California has its share of high-profile divorce proceedings in the news, and one area that always gets a lot of attention is who gets what when the couple splits. Aside from the emotional issues that are a part of custody decisions, the more pragmatic financial implications of divorce can be a source of drama as well.
Although many people have heard of a prenuptial agreement as a means of keeping one newlywed’s property separate from the marriage, the postnuptial agreement has gained traction as the financial holdings of couples who are already married grow more complex. For couples in the Greater Los Angeles area, having a plan in place will help them to avoid future problems and clarify their financial goals.
Postnuptial agreements in California
The Golden State follows community property laws in which couples must equally split all assets or debt that they acquired in marriage, unless there is a marital agreement in place to alter this provision. Under the California Family Code, a marital agreement such as a postnup addresses property rights, earnings during marriage, or assets and appreciation from a business that will change community property division in divorce.
The requirements for a postnuptial agreement are the mutual full disclosure of all financial information that the agreement covers. There can be no coercion in the signing of the agreement, and it must be in writing with signatures from both parties and notarized.
The unique value of a postnup
Unlike a prenup in which one or both spouses define current holdings that they wish to keep outside of the marriage, a postnup covers the complex priorities of spouses whose financial positions may change over time with property investments, changing careers, or other scenarios that involve anticipated wealth or risk.

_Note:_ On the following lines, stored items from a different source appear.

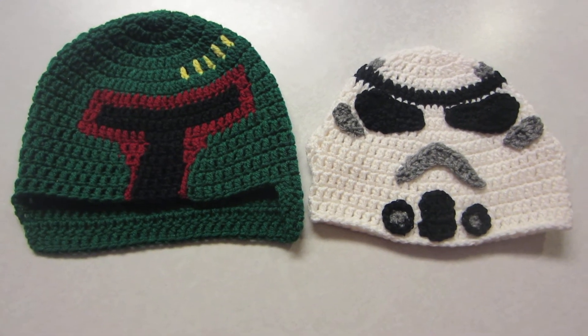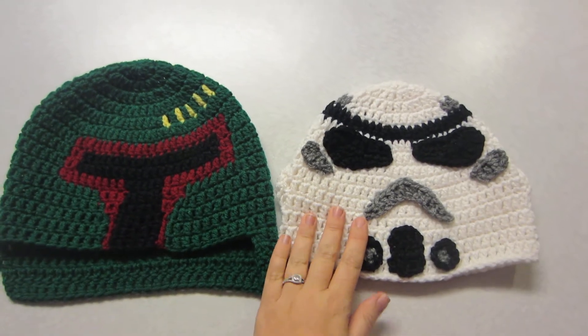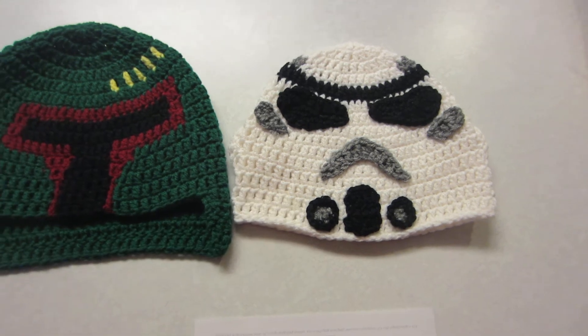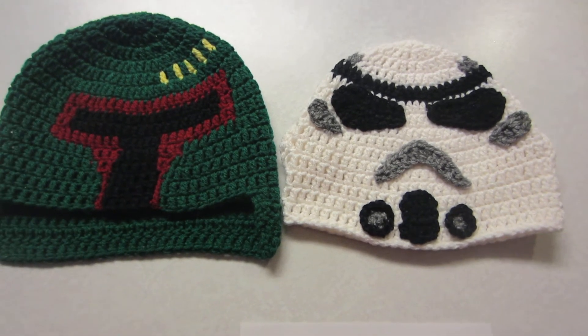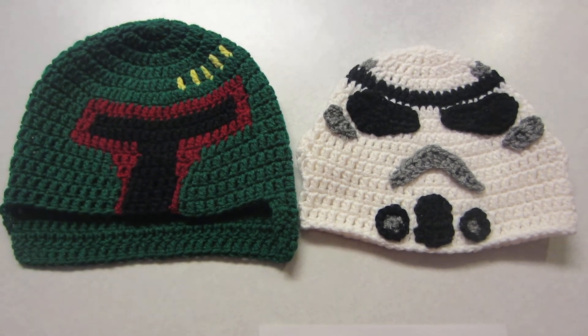Hey guys, it's Haley with Handy Tutorials. I'm excited to give you a little sneak peek at what we have coming soon. We've got Boba Fett and also a Storm Trooper. Check out the video description to find the supplies that you're going to need, and also comment below to tell me what other hats and characters you'd like to see.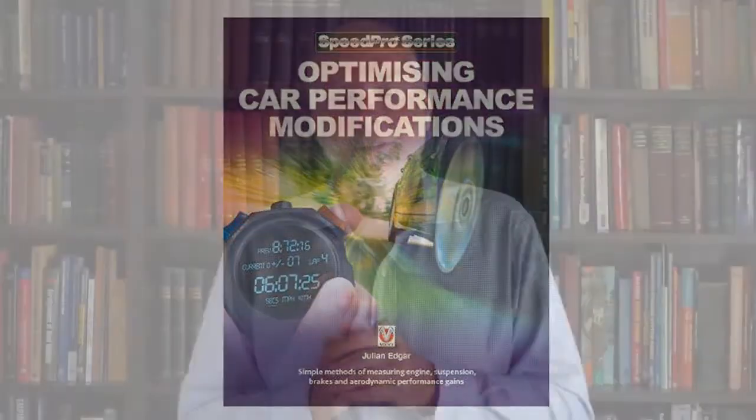Hello, my name is Julian Edgar and I'm the author of the book Optimizing Car Performance Modifications. It's a book on how you can test your performance modifications on the road to make sure that they're making things better and not — as sometimes occurs — making things worse.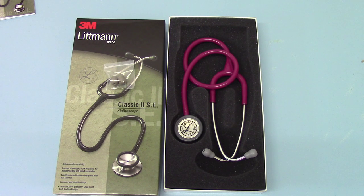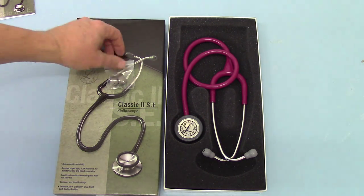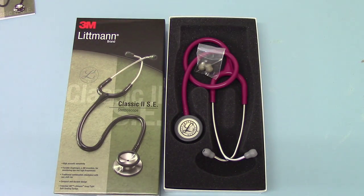So there you have it — the Classic II SE stethoscope from 3M Littmann. This model variation is the raspberry tube option. These models are still in manufacture. Littmann have brought out the Classic III stethoscope, which is a more expensive option with slight design modifications, available as an alternative. But this still represents excellent value for money and excellent quality for day-to-day medical requirements for a doctor's stethoscope. These units are available to purchase from the valumed.co.uk website.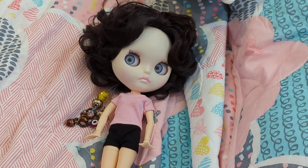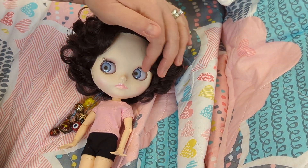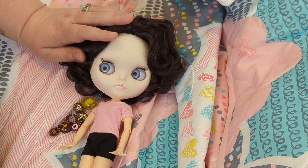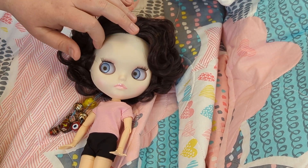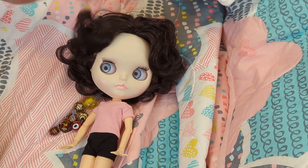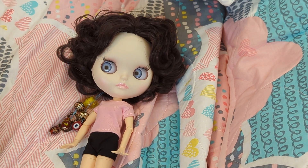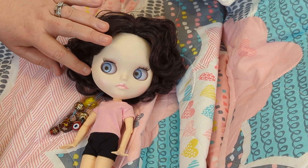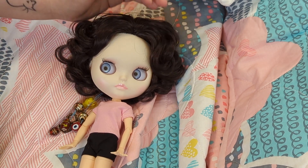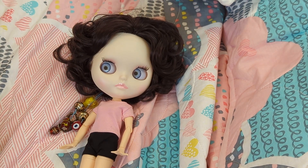Hey guys, it's Mandy, welcome back to my channel! As you can see, I have received my very first life doll and I am at once both confused and absolutely in love. I have never had a doll like this before. If you are new to my channel, please consider subscribing, and if you happen to have a dolly or a crafting channel of your own, please drop a comment down below.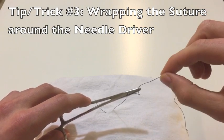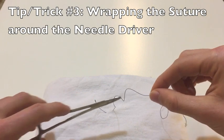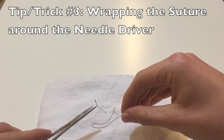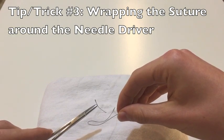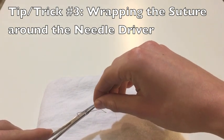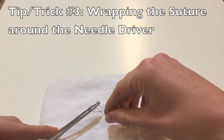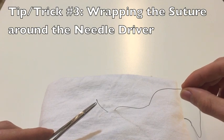In addition to spinning the suture around the instrument rather than the instrument around the suture, positioning is key. I want my instrument tip to be very close to the free end, so that as soon as I wrap my suture around my instrument tip, I'm ready to grab the free end. So I hold it very close to the free end, wrap my suture around the instrument, and then it's a very small distance to grab that free end. That is my third tip: how to wrap the suture around the needle driver.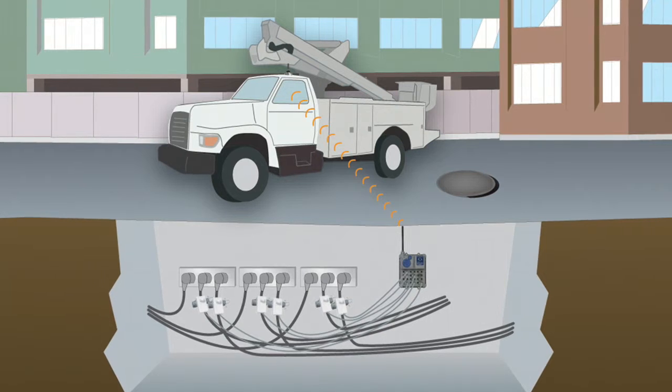Hello, my name is Eugene Weaver and I'm a product engineer with Schweitzer Engineering Labs Fault Indicator and Sensor Division. Today I'm going to show you how easy it is to use the Radio Ranger system to locate faults on your underground circuits.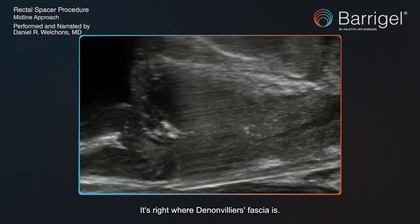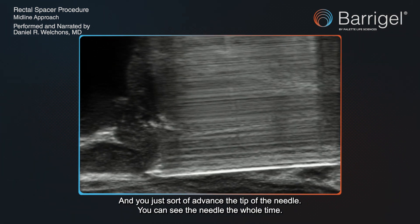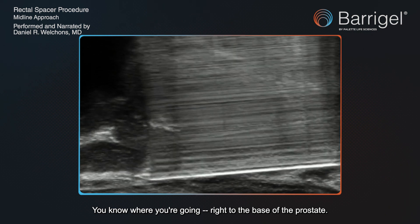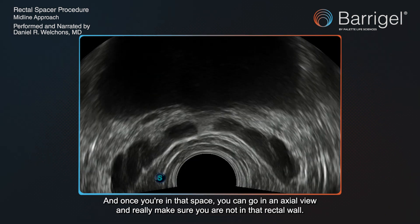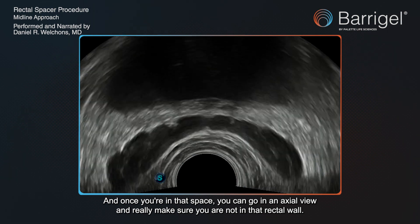It's right where Denonvilliers' fascia is, and you just advance the tip of the needle. You can see the needle the whole time — you know where you're going, right to the base of the prostate. Once you're in that space, you can go to an axial view and really make sure you are not in that rectal wall.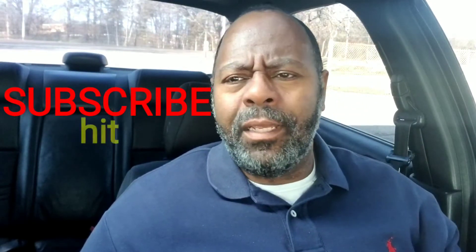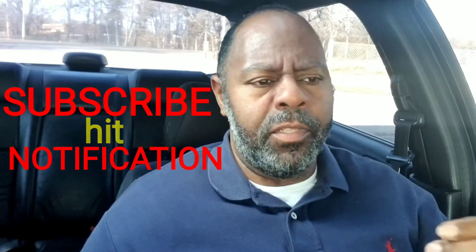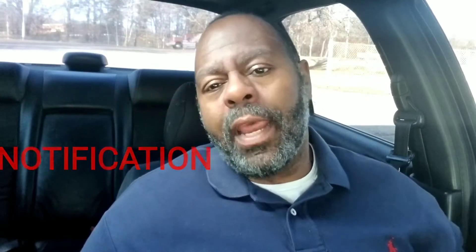Let's get right into this. It's more like a review because we're doing a review on two different powertrains. The 2021 Jeep Wrangler is coming out with two different powertrains. The Wrangler is coming out with a 4xe, which is a hybrid.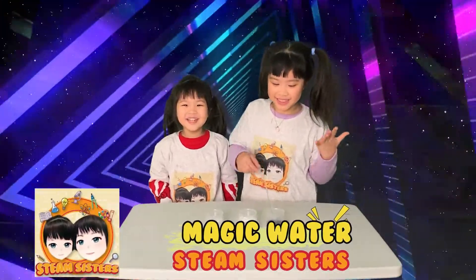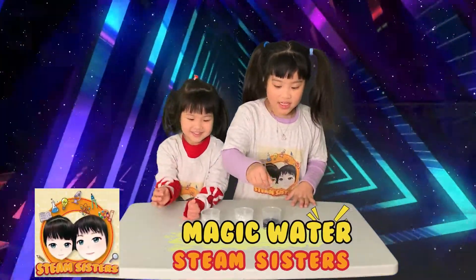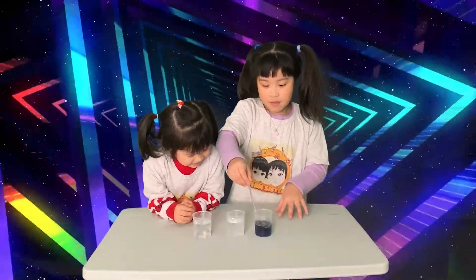Hi guys, you're Sam Sisters! Today we're going to do the magic water experiment.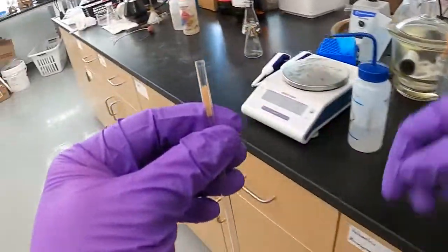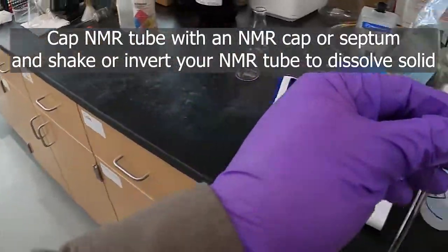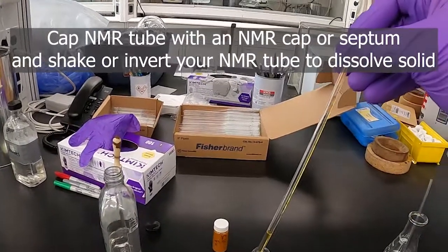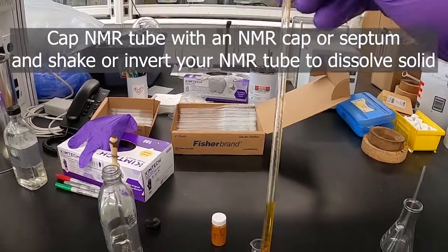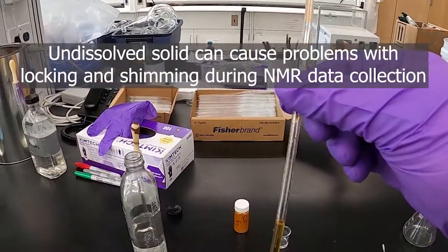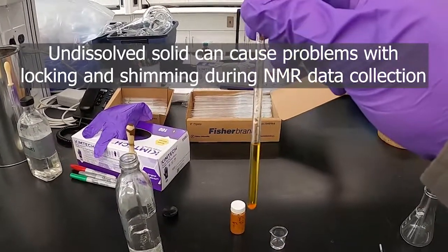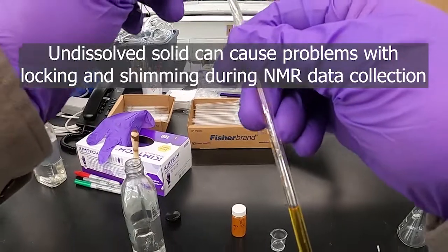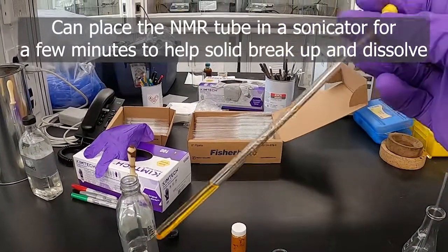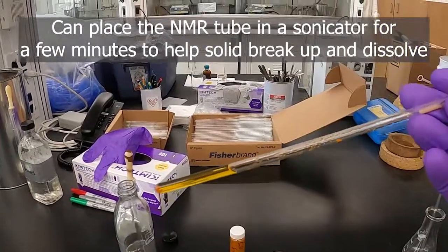Then we can put on a cap. If you can just invert your tube and get your compound to dissolve, that's great. If it doesn't dissolve, you'll want to figure out a way to get that to dissolve, as samples with solid in them won't lock on the solid properly — they'll have issues getting a lock. A sonicator can also help you get a solid that's stubborn to dissolve.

Spouses may wish to protect their interests such as:
- Appreciation or depreciation of the value of a business during marriage
- Obligations of the nontitled spouse to debt incurred by the business
- Marital assets that may or may not be part of a business
- The choice of valuation to appraise a business or interest in a business in the event of a divorce
- Protections to the nontitled spouse’s standard of living or property if their partner assumes risk by leaving their job or starting a new venture
The postnup has the unique ability to address current financial concerns in the marriage that will protect both parties from financial risk or loss in the event of divorce.